Они жадно ловили мои ответы. Очень удивились, а потом обрадовались, узнав, что сам наследник вставал в шесть часов утра. Оказалось, что известие о моём поступлении во флот произвело в Морском корпусе сенсацию, и кадеты “Варяга” считали особой честью, что я буду плавать именно на их судне.
— Это заткнёт тех гвардейских офицеров, которые до сих пор всегда хвастались, что все великие князья служат в их полках, — веско заключил высокий кадет. — Отныне флот будет иметь своего представителя в императорской семье.

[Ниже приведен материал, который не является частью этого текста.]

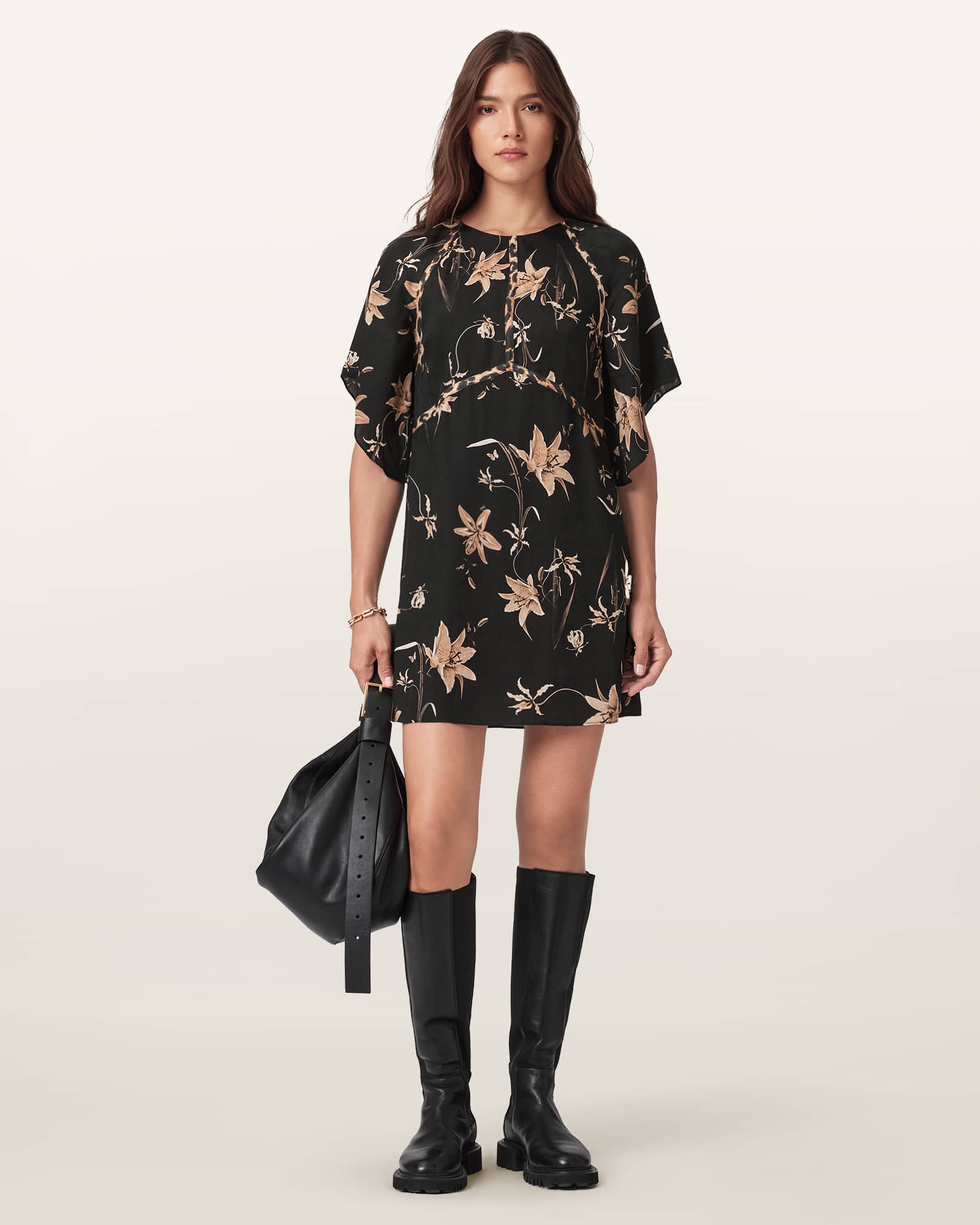 Xena Floral Print Mini Dress PETRA SEPIA BROWN | ALLSAINTS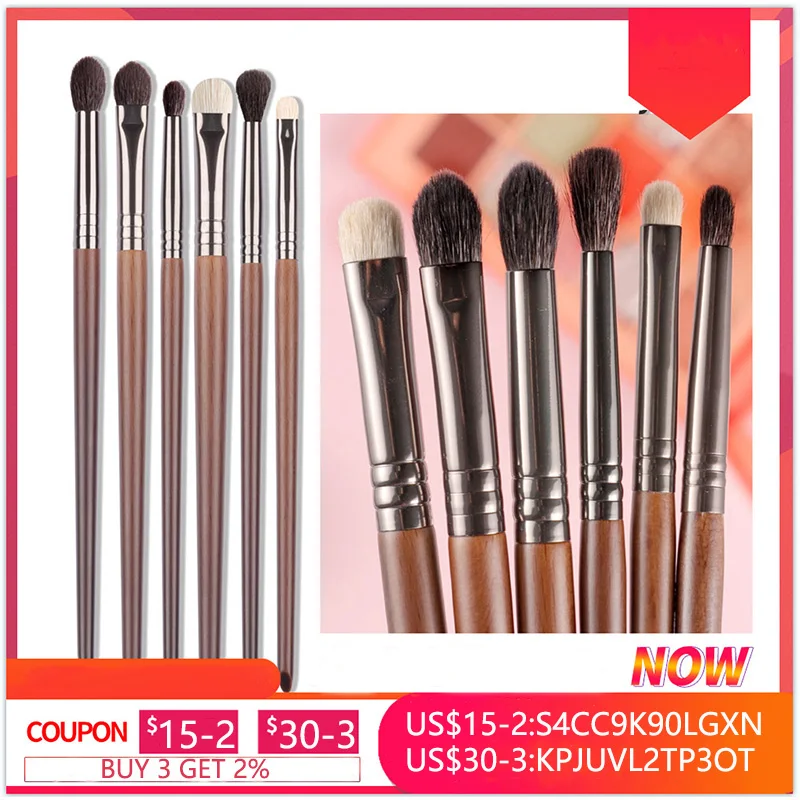 OVW 2/6 Stk Lidschatten Make-up Pinsel Set Natürliche Ziegenborsten Kosmetisches Make-up-Pinsel-Werkzeug Markieren Sie das Pinselmischset Image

Я покраснел от удовольствия и заявил, что очень сожалею, что мне не позволено спать и есть вместе с остальными кадетами. Они уверили, что никто далее не обратил на это внимание. По их мнению, вполне понятно, что адмирал предпринял особые меры для моей безопасности.
Последовали новые вопросы:
— Сколько прислуги имеется в Гатчине? Сколько человек обедают с императором за столом?
До восьми часов я старался удовлетворить любопытство моих новых товарищей, пока не раздался сигнал к поднятию флага.
Мы стояли в строю с непокрытыми головами, пока белый флаг с Андреевским крестом поднимался на гафеле. На безразличном лице адмирала заиграл румянец, а по моей спине пробежал холодок. В течение долгих лет службы во флоте я никогда не мог остаться равнодушным к этой красивой церемонии и не переставал во время её волноваться. Я часто вспоминал красивые слова лаконической надписи, выгравированной французами на братском памятнике французских и русских моряков, сражавшихся в 1854 г.: “Unis pour la gloire, reunis par la mort, des soldats c’est le devoir, des braves c’est le sort”[9].
После церемонии поднятия флага был отдан приказ: “Всем на шлюпки!” Я был назначен на шлюпку с корвета “Гиляк” вместе с кадетами моего класса. В течение часа мы плавали под парусами, и нас учили грести. Несколько раз мы должны были пройти пред адмиралом, который за нами внимательно наблюдал. Нашим следующим уроком было поднятие парусов на корвете, причём на фок-мачте и грот-мачте работали матросы, а на бизани — кадеты. Наконец, от 10 до 11 часов был урок практического мореходства. После завтрака и короткого отдыха следовало ещё четыре часа занятий. Обед подавался в 6 часов вечера. В восемь часов мы должны были быть уже в койках.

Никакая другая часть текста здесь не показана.